▶ **REQUIREMENT**: Quote the whole listing exactly. Leave the pictures out of your copy.

[[ EXERCISE DATA, beginning ]]

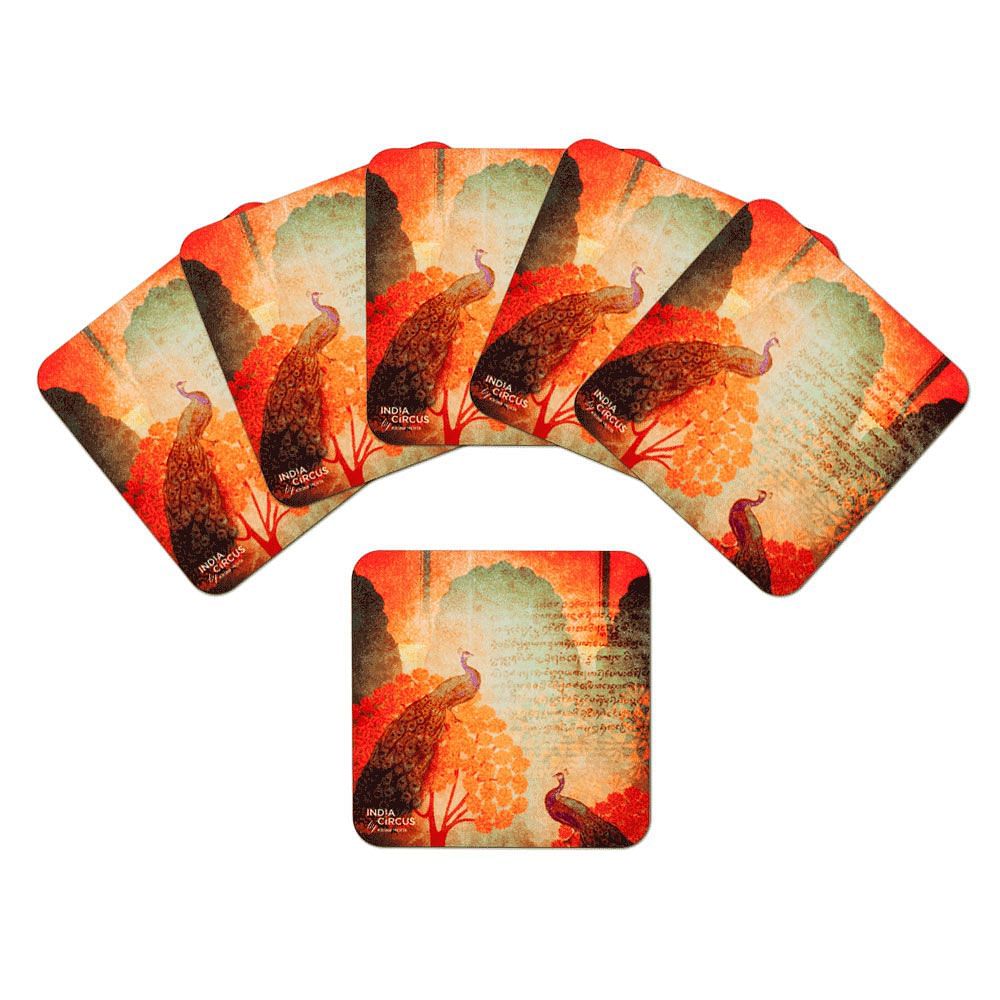 Sunset Peacocks MDF Coasters - (Set of 6)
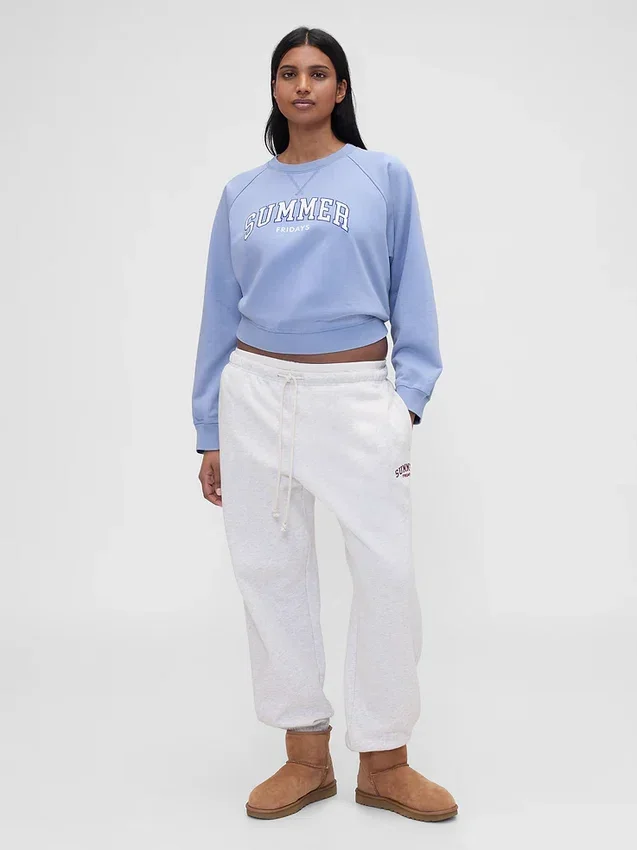 Bluza z nadrukiem logo GAP × Summer Fridays w stylu oversize z raglanowymi rękawami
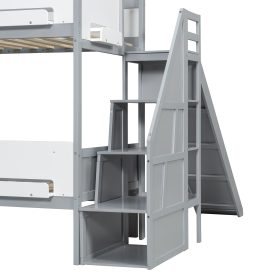 House-Shaped Wooden Bunk Bed with Slide & Storage Staircase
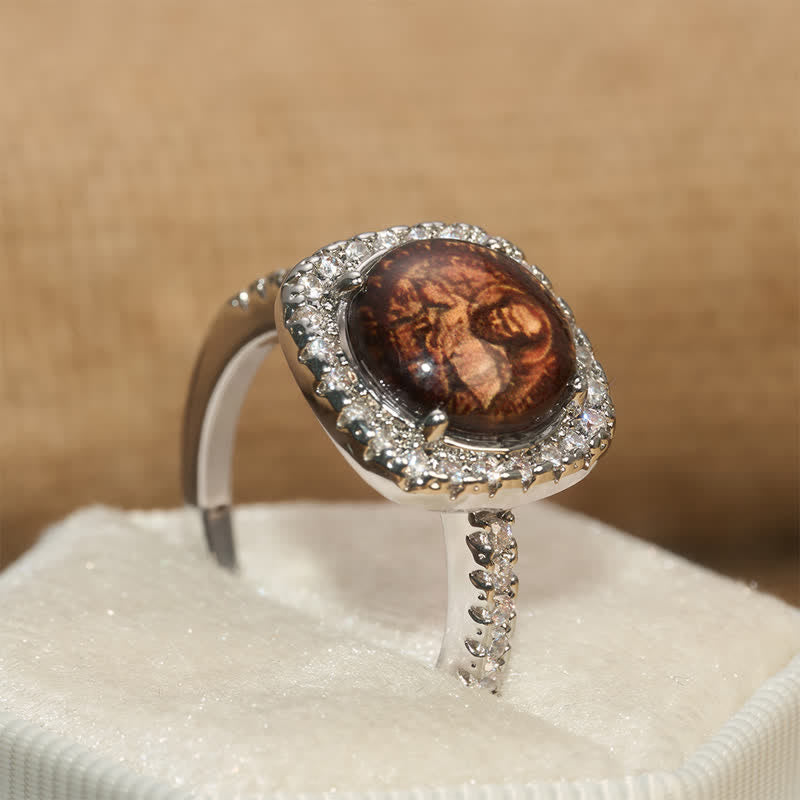 Halo Paved Stone Saint Francis Stackable Ring: Carrier of Quiet Devotion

[[ EXERCISE DATA, end ]]

▶ **SOLVED PROBLEM**:
 Sunset Peacocks MDF Coasters - (Set of 6)
 Bluza z nadrukiem logo GAP × Summer Fridays w stylu oversize z raglanowymi rękawami
 House-Shaped Wooden Bunk Bed with Slide & Storage Staircase
 Halo Paved Stone Saint Francis Stackable Ring: Carrier of Quiet Devotion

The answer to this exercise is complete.